B.C. has become the second province to mark Orange Shirt Day (Sept.30), also known as National Day for Truth and Reconciliation, as a provincial statutory holiday. (THE CANADIAN PRESS/Heywood Yu)

B.C. has become the second province to mark Orange Shirt Day (Sept.30), also known as National Day for Truth and Reconciliation, as a provincial statutory holiday. (THE CANADIAN PRESS/Heywood Yu)

B.C. marks 10th anniversary of Orange Shirt Day with new statutory holiday

British Columbians asked to mark holiday by learning about legacy of residential school system

Public exhibitions, educational sessions, communal walks and survivor testimonies will help British Columbians reflect on the legacies of Canada’s residential school system tomorrow on the 10th anniversary of Orange Shirt Day.

Events stretch across B.C. Sept. 30, from Taylor in the Peace River Region to Cranbrook in the Kootenays, from the Okanagan to Fraser Valley to Downtown Vancouver, which will host multiple events, to western Vancouver Island.

Phyllis Webstad, a Northern Secwepemc (Shuswap) from the Stswecem’c Xgat’tem First Nation (Canoe Creek Indian Band), started Orange Shirt Day in 2013. Webstad had received an orange shirt from her grandmother, only to see it ripped away after arriving at St. Joseph’s Indian Industrial School in Williams Lake.

The anniversary not only marks National Day for Truth and Reconciliation across Canada, but also the inauguration of a new statutory holiday in British Columbia after the provincial legislature had passed legislation in early March.

B.C. joins Prince Edward Island as the second Canadian province to formally commemorate the holiday with a paid-off holiday. The Northwest Territories, Nunavut and the Yukon also recognize Sept. 30 as a statutory holiday with the actual day falling on Monday, Oct. 2. Sept. 30 became a federally recognized holiday in 2021 following a recommendation from the Truth and Reconciliation Commission.

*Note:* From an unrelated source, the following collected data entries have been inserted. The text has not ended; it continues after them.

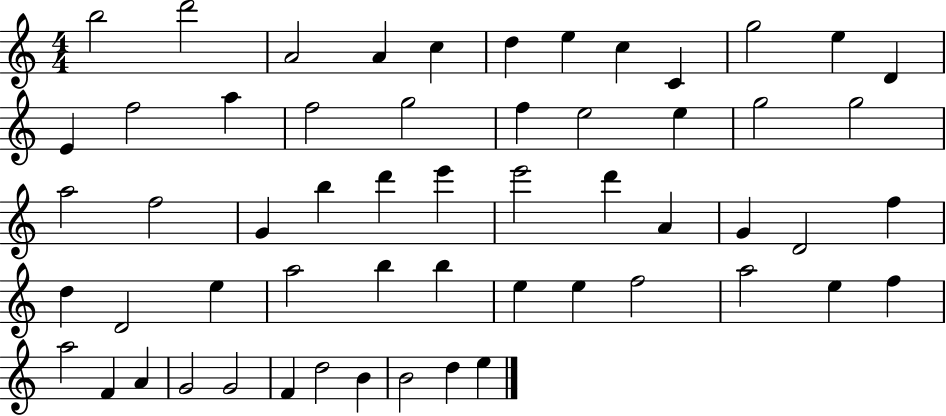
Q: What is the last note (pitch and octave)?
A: E5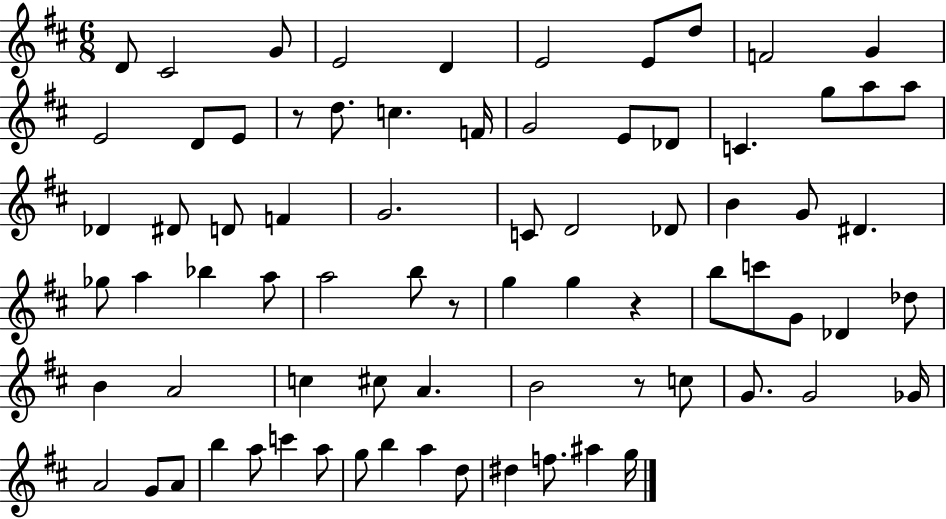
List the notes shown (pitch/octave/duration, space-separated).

D4/e C#4/h G4/e E4/h D4/q E4/h E4/e D5/e F4/h G4/q E4/h D4/e E4/e R/e D5/e. C5/q. F4/s G4/h E4/e Db4/e C4/q. G5/e A5/e A5/e Db4/q D#4/e D4/e F4/q G4/h. C4/e D4/h Db4/e B4/q G4/e D#4/q. Gb5/e A5/q Bb5/q A5/e A5/h B5/e R/e G5/q G5/q R/q B5/e C6/e G4/e Db4/q Db5/e B4/q A4/h C5/q C#5/e A4/q. B4/h R/e C5/e G4/e. G4/h Gb4/s A4/h G4/e A4/e B5/q A5/e C6/q A5/e G5/e B5/q A5/q D5/e D#5/q F5/e. A#5/q G5/s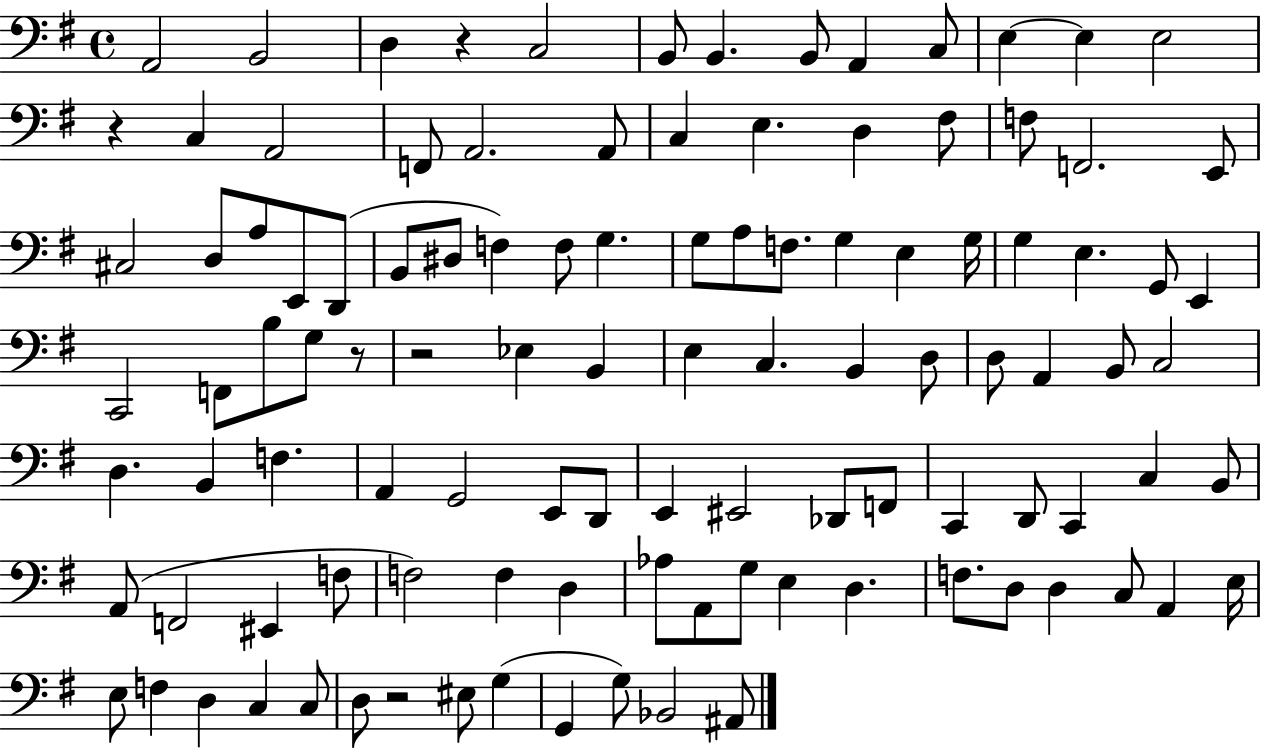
X:1
T:Untitled
M:4/4
L:1/4
K:G
A,,2 B,,2 D, z C,2 B,,/2 B,, B,,/2 A,, C,/2 E, E, E,2 z C, A,,2 F,,/2 A,,2 A,,/2 C, E, D, ^F,/2 F,/2 F,,2 E,,/2 ^C,2 D,/2 A,/2 E,,/2 D,,/2 B,,/2 ^D,/2 F, F,/2 G, G,/2 A,/2 F,/2 G, E, G,/4 G, E, G,,/2 E,, C,,2 F,,/2 B,/2 G,/2 z/2 z2 _E, B,, E, C, B,, D,/2 D,/2 A,, B,,/2 C,2 D, B,, F, A,, G,,2 E,,/2 D,,/2 E,, ^E,,2 _D,,/2 F,,/2 C,, D,,/2 C,, C, B,,/2 A,,/2 F,,2 ^E,, F,/2 F,2 F, D, _A,/2 A,,/2 G,/2 E, D, F,/2 D,/2 D, C,/2 A,, E,/4 E,/2 F, D, C, C,/2 D,/2 z2 ^E,/2 G, G,, G,/2 _B,,2 ^A,,/2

It defined the residential school system which existed for almost 150 years as a “systematic, government-sponsored attempt to destroy Aboriginal cultures and languages and to assimilate Aboriginal peoples so that they no longer existed as distinct peoples” as part of a “cultural genocide.”

Spread across more than 150 locations, the system forced more than 150,000 Indigenous children to attend sub-standard, over-crowded schools, where they frequently experienced harsh treatment, with many becoming victims of emotional, physical and sexual abuse.

While the search for the exact number of children who died in the system continues, current research pegs the number at more than 4,100 with other estimates pegging the number closer to 6,000.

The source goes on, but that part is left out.